Web Page Extraction Tool Explanations

Do you have 'dead' links (links that are unreachable on the Web)?

Unreachable links are annoying to visitors. Links are often unreachable because the file/page isn't on the Web server. Perhaps the file was never uploaded to the server, the file is in the wrong place or the file name is misspelled. Some Web servers, for example Linux, are case sensitive (img.jpg is different from img.JPG!). I test on a Windows OS, but I usually work with Linux servers and get bitten by the case-sensitive nature of Linux. Image files are the main culprits; most cameras use upper case in the file names, but the image manipulation software may use lower case for the image extension (.jpg, .png).

Some links that are unreachable are not visible to the user, namely script files and stylesheets. A missing script file could result in some page functionality not working. For instance, a slideshow might not work because the script file can't be found. A missing stylesheet can cause a Web page to display incorrectly or links will appear in the wrong color.

One way to find these problems is to open the page in the browser and click every link, or look for missing images or problems in the way the page displays. This process can be a very slow and painstaking. The easy way to find missing links is to use our Web page extraction tool.

Does the page have a title and meta description tag?

The title and meta description tags are in the <head> part of the HTML file. This part of the HTML file is usually invisible to the viewer, however browsers use the title as the tab title.

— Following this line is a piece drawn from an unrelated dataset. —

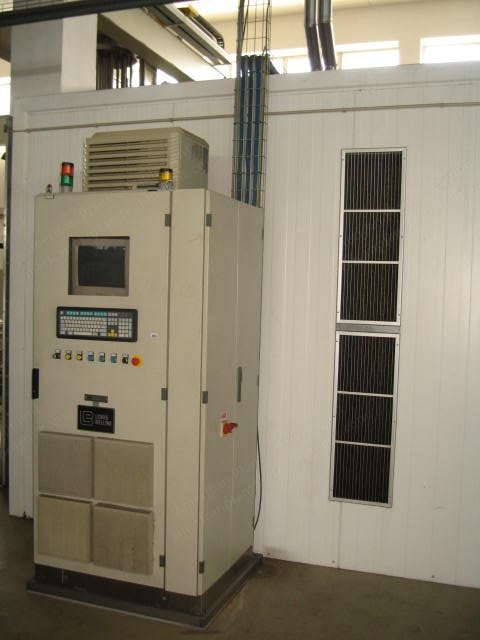 Loris Bellini, Yarn Fast Dryers, 2001, 60 kW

Although invisible to the visitor, they are not invisible to search engines. Search engines use the title and meta description to rank the Web page and in the search results display. If the page is missing either of these, the search engines will select some text on the page to display in the results.

Google search engine results page (SERP) uses the following limits:

  • Title: 69 characters
  • Meta description: 156 characters

Do you have Google Analytics installed on the page?

Google Analytics (GA) is an advanced 'hit' counter. GA goes beyond an ordinary hit counter. I highly recommend installing GA code on all Web pages.

Does the page have inline scripts and css?

Inline scripts use the <script> tag without linking to a file. The scripts are embedded in the html for the Web page. When using a content-management system, this is the easiest way to go. Most pages will need at least one inline script simply to call into the linked scripts. This inline script is very useful for website maintenance. By looking at the source for the Web page, the maintainer can quickly trace down into the linked script files.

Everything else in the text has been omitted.